Jamil Ahmed has delayed being deported, on the grounds that it would breach his right to protection from persecution and his right to family life under the European Convention on Human Rights (ECHR).
Based in Scotland, the pervert was convicted of unlawful sexual intercourse in 2008 with one girl aged 13 to 16 and sentenced to a three-year probation order and 240 hours of community service. A second conviction came In November 2013, again for unlawful sexual intercourse with a girl aged 13 to 16 and sexually assaulting a teenager. Jailed for three years and six months and placed on the Sex Offenders Register, he cited a threat of persecution if returned to Pakistan.
Allegedly, international reporting of his crimes makes him vulnerable to prosecution and assault by “religious fanatics.” Two lower-tier tribunals rejected this, but a higher court which ruled his case should now be reheard.

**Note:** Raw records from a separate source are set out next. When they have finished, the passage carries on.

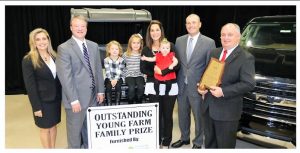 Wendy Tysinger, from left, with Alabama Farm Credit and Doug Thiessen with Alabama Ag Credit congratulate Alabama Outstanding Young Farm Family Kasey and Stewart McGill and daughters Reece, Allie and Peyton. Alabama Farmers Federation President Jimmy Parnell stands at right. CONTRIBUTED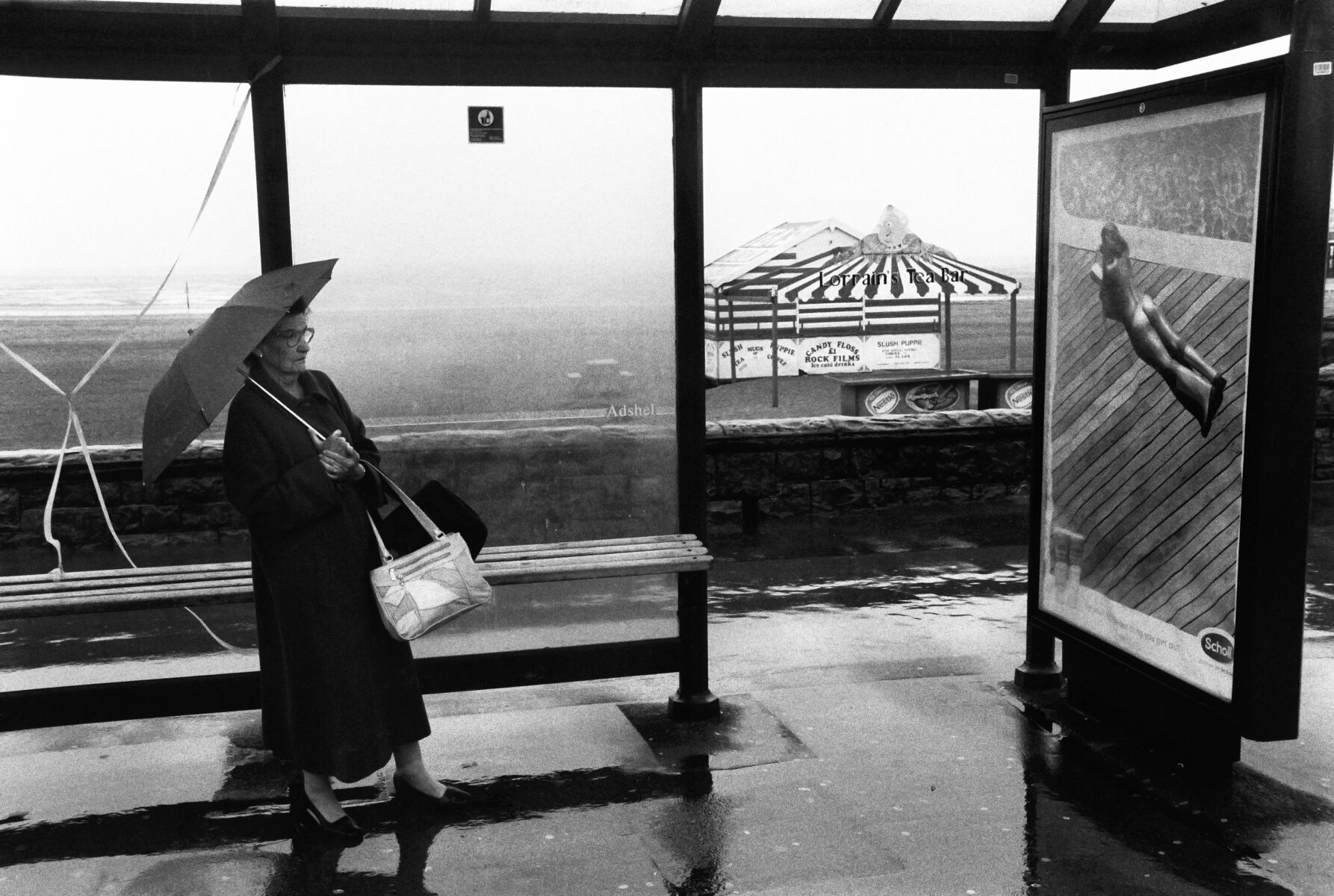 Black and white photography, woman at bus stop with umbrella. Roger Deakins, Byways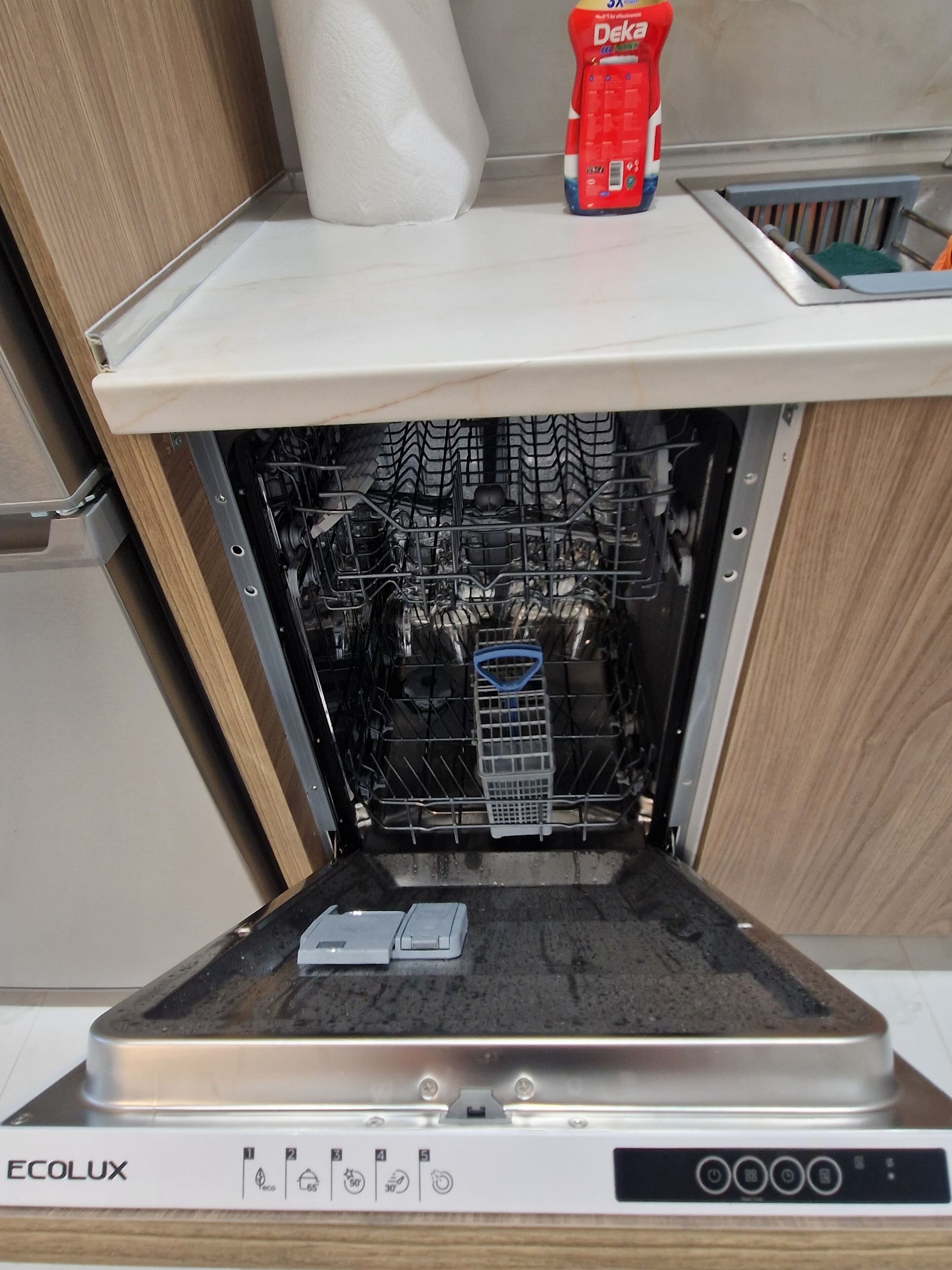 An open dishwasher with a detergent bottle on top, a dish rack inside, and control panel with various buttons and indicators.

Such legal manoeuvring has helped to keep Ahmed in Scotland for more than a decade.
Most recently, Edinburgh’s Upper Tribunal of the Immigration and Asylum Chamber heard that his sex offences were reported in Pakistan, supposedly putting Ahmed at risk of ‘double jeopardy’ prosecution in Pakistan and of having his Article 8 ECHR right to a family life violated by deportation.